Provided data |
+++
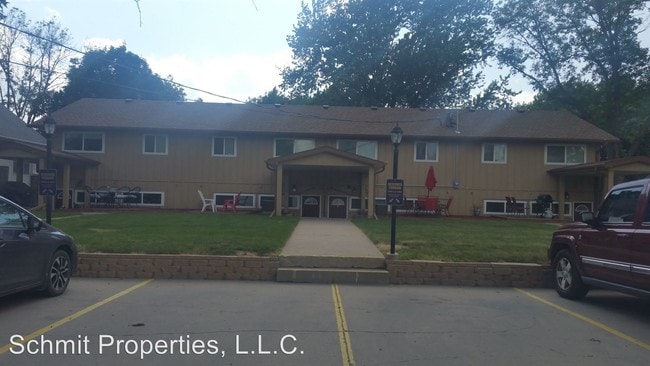 Building Photo - 2300 S St Aubin St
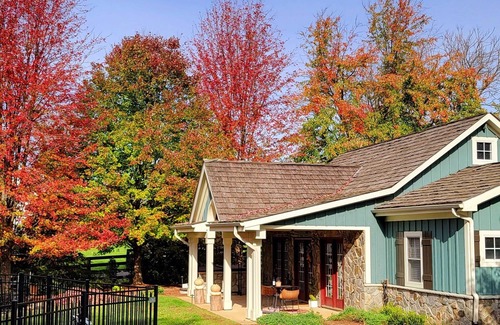 Leesburg Cottage | The Cottage at Firefly Cellars, cozy getaway in Loudoun wine country!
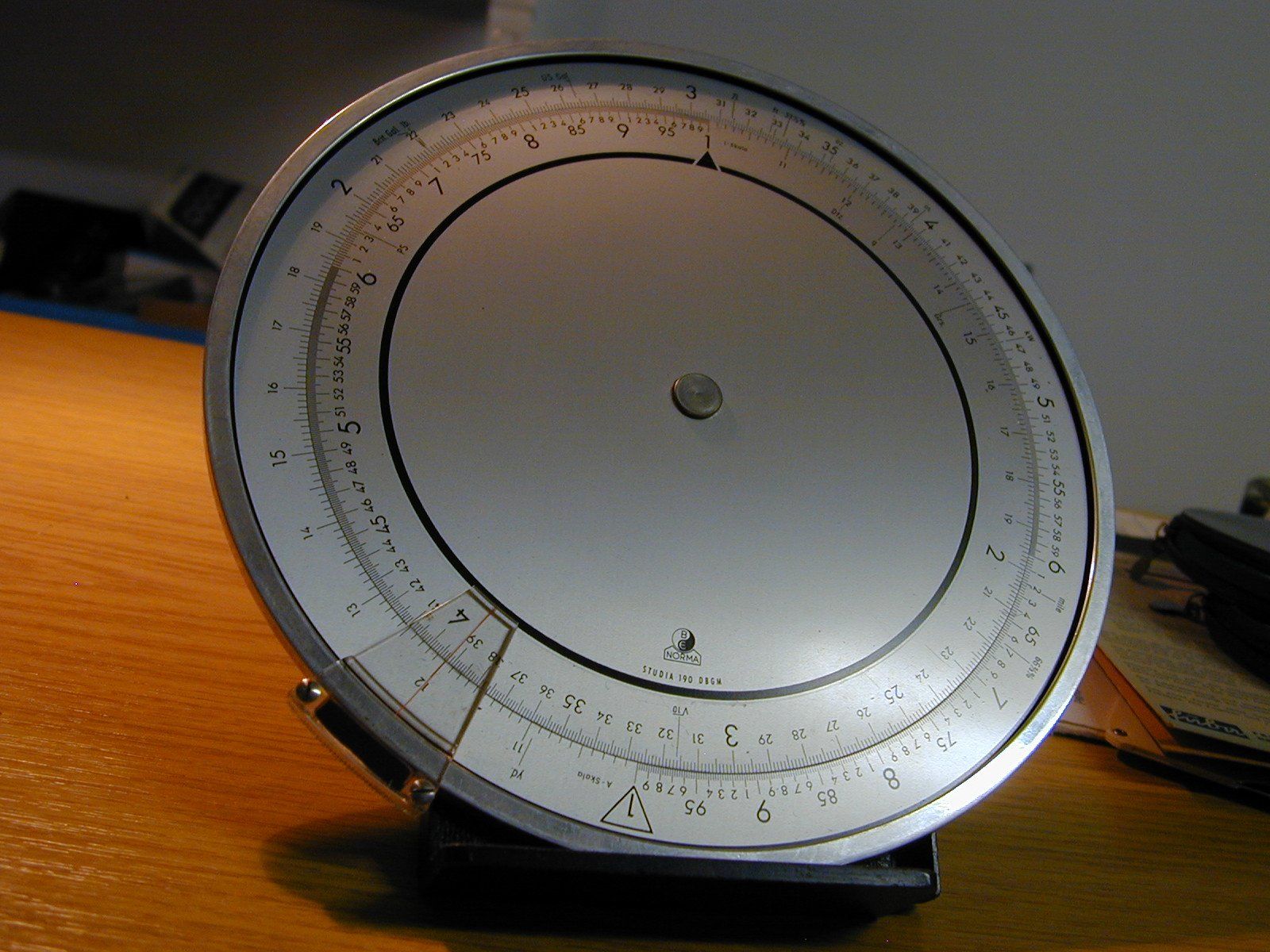 Calcolatrici tascabili: NORMA STUDIA   RECHENSCHEIBE, CIRCULAR SLIDE RULE – Usato da Oberursel venduto da swinger-ecki 2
+++
What you will do |
All of the data gets printed again exactly; the pictures do not.

Exercise result |
 Building Photo - 2300 S St Aubin St
 Leesburg Cottage | The Cottage at Firefly Cellars, cozy getaway in Loudoun wine country!
 Calcolatrici tascabili: NORMA STUDIA   RECHENSCHEIBE, CIRCULAR SLIDE RULE – Usato da Oberursel venduto da swinger-ecki 2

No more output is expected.